**THE PROBLEM**
Copy out, exactly as written, only the line containing "this 1316×898 image." and the lines after it through the end of the records.

**RECORDS FOR THE TASK**
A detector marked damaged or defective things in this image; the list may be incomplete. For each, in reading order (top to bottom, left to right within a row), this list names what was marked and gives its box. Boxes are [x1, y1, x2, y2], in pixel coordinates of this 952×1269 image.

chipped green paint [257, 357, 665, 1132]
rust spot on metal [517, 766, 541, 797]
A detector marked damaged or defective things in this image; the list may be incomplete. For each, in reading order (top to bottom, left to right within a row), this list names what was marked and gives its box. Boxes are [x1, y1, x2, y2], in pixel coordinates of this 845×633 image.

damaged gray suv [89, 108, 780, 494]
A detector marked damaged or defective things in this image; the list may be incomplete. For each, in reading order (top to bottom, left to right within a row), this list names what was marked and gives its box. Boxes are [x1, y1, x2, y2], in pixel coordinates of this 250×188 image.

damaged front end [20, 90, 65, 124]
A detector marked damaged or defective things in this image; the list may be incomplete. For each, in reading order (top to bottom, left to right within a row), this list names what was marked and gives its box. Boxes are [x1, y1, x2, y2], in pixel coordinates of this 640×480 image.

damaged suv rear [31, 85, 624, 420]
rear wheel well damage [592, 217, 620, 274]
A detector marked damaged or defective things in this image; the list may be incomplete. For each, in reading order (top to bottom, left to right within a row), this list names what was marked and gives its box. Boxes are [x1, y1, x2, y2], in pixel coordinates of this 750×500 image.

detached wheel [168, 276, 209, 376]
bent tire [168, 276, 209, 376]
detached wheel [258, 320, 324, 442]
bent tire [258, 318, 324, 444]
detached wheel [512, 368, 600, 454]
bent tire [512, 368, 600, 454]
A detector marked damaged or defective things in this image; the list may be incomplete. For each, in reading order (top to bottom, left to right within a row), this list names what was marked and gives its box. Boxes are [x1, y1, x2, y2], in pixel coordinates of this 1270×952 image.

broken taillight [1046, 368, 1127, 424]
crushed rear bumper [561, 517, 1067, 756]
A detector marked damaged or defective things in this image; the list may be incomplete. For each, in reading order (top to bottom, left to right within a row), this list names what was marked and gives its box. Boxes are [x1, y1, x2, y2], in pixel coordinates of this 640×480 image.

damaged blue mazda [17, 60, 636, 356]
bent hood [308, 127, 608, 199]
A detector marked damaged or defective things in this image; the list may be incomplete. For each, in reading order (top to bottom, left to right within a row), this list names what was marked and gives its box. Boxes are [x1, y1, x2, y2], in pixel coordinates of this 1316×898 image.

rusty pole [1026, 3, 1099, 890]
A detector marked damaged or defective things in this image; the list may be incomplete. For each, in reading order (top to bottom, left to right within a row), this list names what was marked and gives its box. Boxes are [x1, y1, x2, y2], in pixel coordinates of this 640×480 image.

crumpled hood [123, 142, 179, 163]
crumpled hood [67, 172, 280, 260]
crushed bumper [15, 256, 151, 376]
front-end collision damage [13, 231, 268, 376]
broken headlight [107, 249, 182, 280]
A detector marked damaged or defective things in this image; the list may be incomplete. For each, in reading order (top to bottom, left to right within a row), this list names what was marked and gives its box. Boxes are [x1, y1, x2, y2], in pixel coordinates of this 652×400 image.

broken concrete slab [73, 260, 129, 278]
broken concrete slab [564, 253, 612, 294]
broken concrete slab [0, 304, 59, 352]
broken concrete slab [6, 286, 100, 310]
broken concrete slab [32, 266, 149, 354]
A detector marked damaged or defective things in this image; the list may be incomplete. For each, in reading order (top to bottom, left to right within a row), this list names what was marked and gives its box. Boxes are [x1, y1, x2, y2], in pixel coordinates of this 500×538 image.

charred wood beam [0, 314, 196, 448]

**EXERCISE RESULT**
A detector marked damaged or defective things in this image; the list may be incomplete. For each, in reading order (top to bottom, left to right within a row), this list names what was marked and gives its box. Boxes are [x1, y1, x2, y2], in pixel coordinates of this 1316×898 image.

rusty pole [1026, 3, 1099, 890]
A detector marked damaged or defective things in this image; the list may be incomplete. For each, in reading order (top to bottom, left to right within a row), this list names what was marked and gives its box. Boxes are [x1, y1, x2, y2], in pixel coordinates of this 640×480 image.

crumpled hood [123, 142, 179, 163]
crumpled hood [67, 172, 280, 260]
crushed bumper [15, 256, 151, 376]
front-end collision damage [13, 231, 268, 376]
broken headlight [107, 249, 182, 280]
A detector marked damaged or defective things in this image; the list may be incomplete. For each, in reading order (top to bottom, left to right within a row), this list names what was marked and gives its box. Boxes are [x1, y1, x2, y2], in pixel coordinates of this 652×400 image.

broken concrete slab [73, 260, 129, 278]
broken concrete slab [564, 253, 612, 294]
broken concrete slab [0, 304, 59, 352]
broken concrete slab [6, 286, 100, 310]
broken concrete slab [32, 266, 149, 354]
A detector marked damaged or defective things in this image; the list may be incomplete. For each, in reading order (top to bottom, left to right within a row), this list names what was marked and gives its box. Boxes are [x1, y1, x2, y2], in pixel coordinates of this 500×538 image.

charred wood beam [0, 314, 196, 448]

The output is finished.